Informatica Cloud: How To Optimise Joiner Performance In Mapping Designer
- By : Mydatahack
- Category : ETL, Informatica
- Tags: Informatica Cloud, Joiner, Performance Optimisation
Joiner is the stage to join tables in Informatica Cloud (see a quick introduction for Joiner Transformation here). If you have a large volume of data, the joiner transformation becomes very slow without performance optimisation. In this post, we will show you a few tricks that you can use to speed up your join.
(1) Perform joins in a database
When your tables are in the same database, it is better to use the database engine to join tables. Instead of pulling data from individual tables, you can write a custom query in the Source stage.
You can also specify to run the entire mapping jobs in a database by pushdown optimisation, which can be configured in the mapping configuration task as an advanced session property.

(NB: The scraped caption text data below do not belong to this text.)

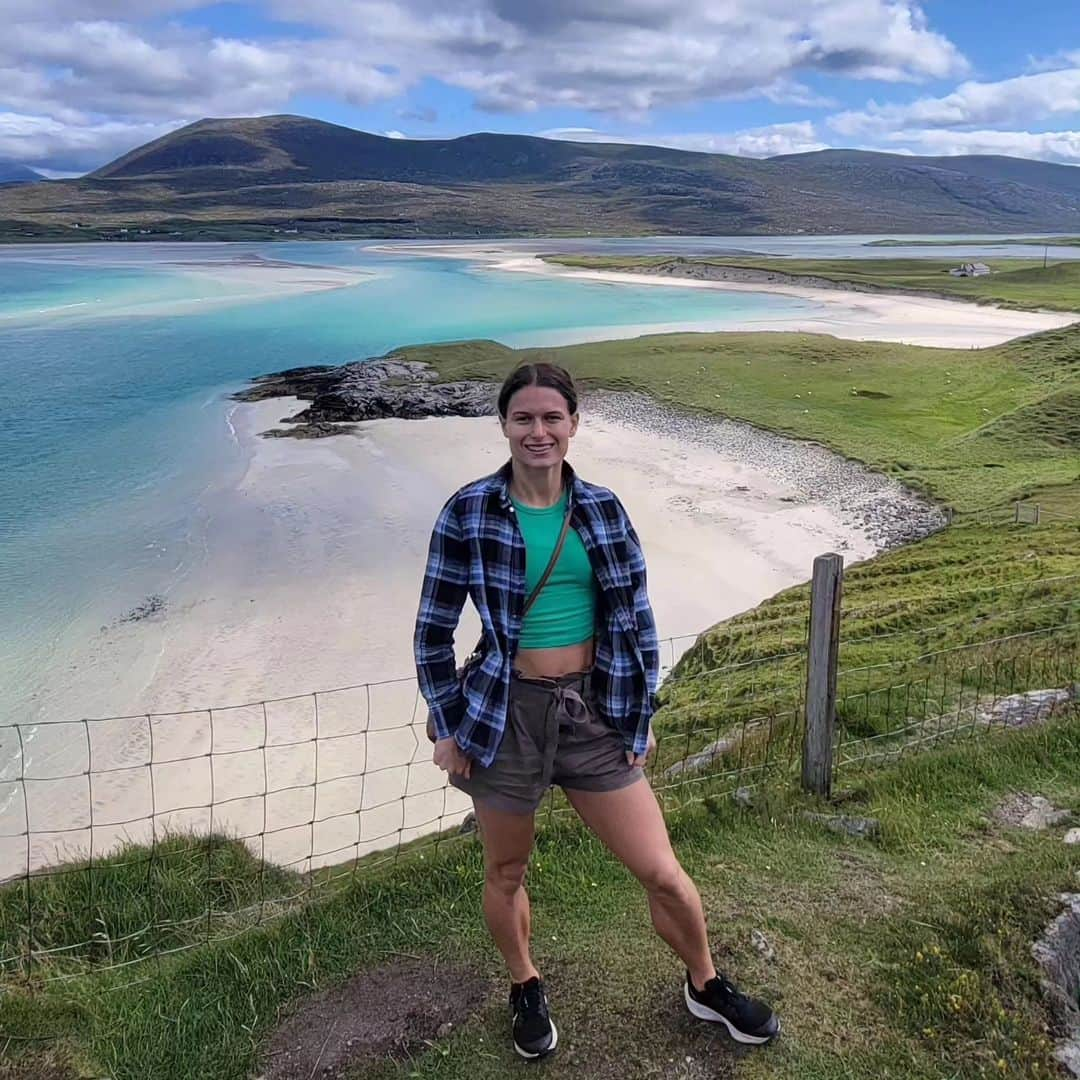 ゾーイ・クラークのインスタグラム：「Sunshine and beaches...and I never even left Scotland! 🌞🏖 Had a lovely time island hopping through Outer Hebradies. Feeling refreshed after my time away.  #barra #vatersay #southuist #northuist #harris #lewis #outerhebrides #scotland #sunshine #beaches #beautifullandscape #peaceful #happy」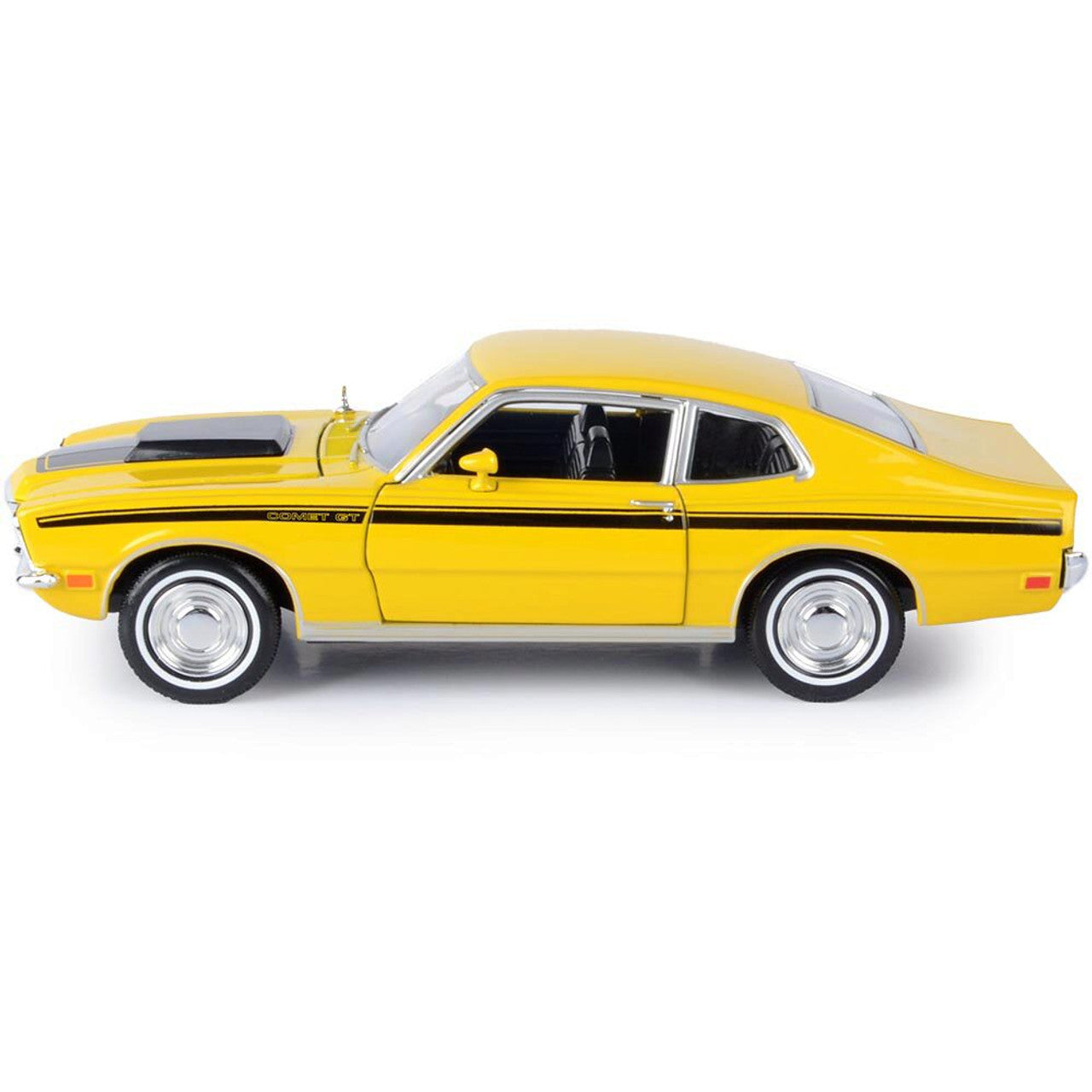 1971 Mercury Comet GT - Yellow 1:24 Scale Diecast Model Car by Motormax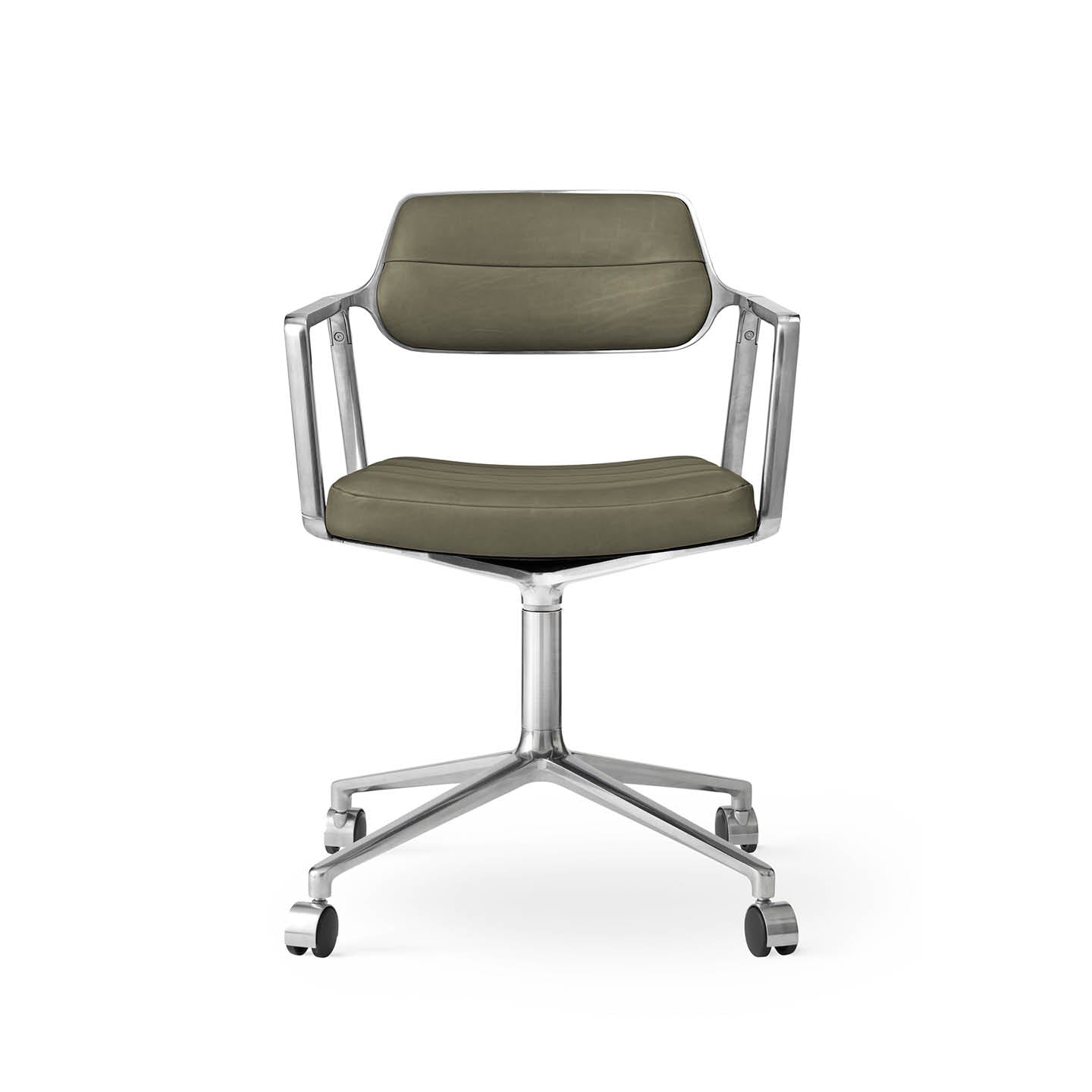 Vipp453 Swivel Chair
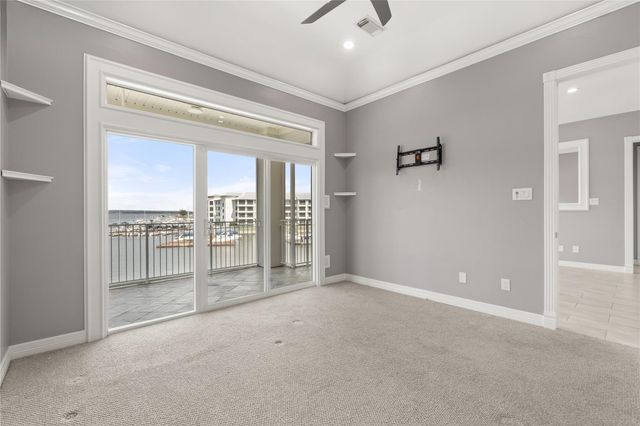 168 Lake Point Boulevard C301, Conroe, TX 77356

(2) Optimise the master source designation
If your tables are in separate databases, it is hard to perform join in a database. The best practice is to assign the master source with fewer rows and fewer duplicate keys.
Joiner works by checking each row of the detail source against the master. Therefore, the more rows you have in master, the more iterations of the join comparison is needed, leading to slower performance.
Duplicate keys in the master increase the rows to be cached. Joiner performance is better when it has less rows to cache.
Speaking of caching, make sure to have enough disk space for caching in runtime environment, especially if you have a large volume of data.
(3) Use Partitions at Source
If you are getting single tables prior to joining, you can use the patitions property to enable parallel processing. It is faster to process small chunks of data in different CPUs in parallel. All you need to do is to set the key ranges in the join key of all the tables that are to be joined. Make sure to have all the tables have the same key ranges. I usually keep the start range of the first partition and the end range of the last partition empty. Informatica works out minimum and maximum for you and it somewhat feels safter just in case I miss any value.
This only works when you select a single table at source. If you are using custom queries, sorting is the way to go.
(4) Sorting keys before Joiner Transformation
Patitioning data does not work with custom queries. If you are joining tables that are generated from custom query, you should sort the input by Sorter prior to a join operation.
Sorted data decreases disk input and output in Joiner. With sorting, you will see the tangible performance improvement especially if you have a large data.
This can be tricky and can create incorrect join. First of all, both properties in the master and details have to be the same. Then, you have to set the advanced properties to match the Sorter properties in Joiner.
Let’s have a look at an example.
We have the detail source that has a lot of records and we want to add status from a look up table (the master source) based on the id of the detail.
In Sorter, I set the id field from the detail to be sorted in ascending order with the Null Treated Low option. I also set the id field from the detail in ascending order with Null Treated Low.
In Joiner, you have to match the sorting condition of each sorter.
- Set null ordering in master and detail to Null is Lowest value.
- Make sure to tick Sorted Input
- Master Sort Order has to be Auto. If you set it to Ascending or Descending, you will not get the lookup value after joining.
- You can increase the cache size if you have a large volume of data.
Performance optimisation in ETL is fun. I get so much kicks out of it! If you know any tricks, let us know!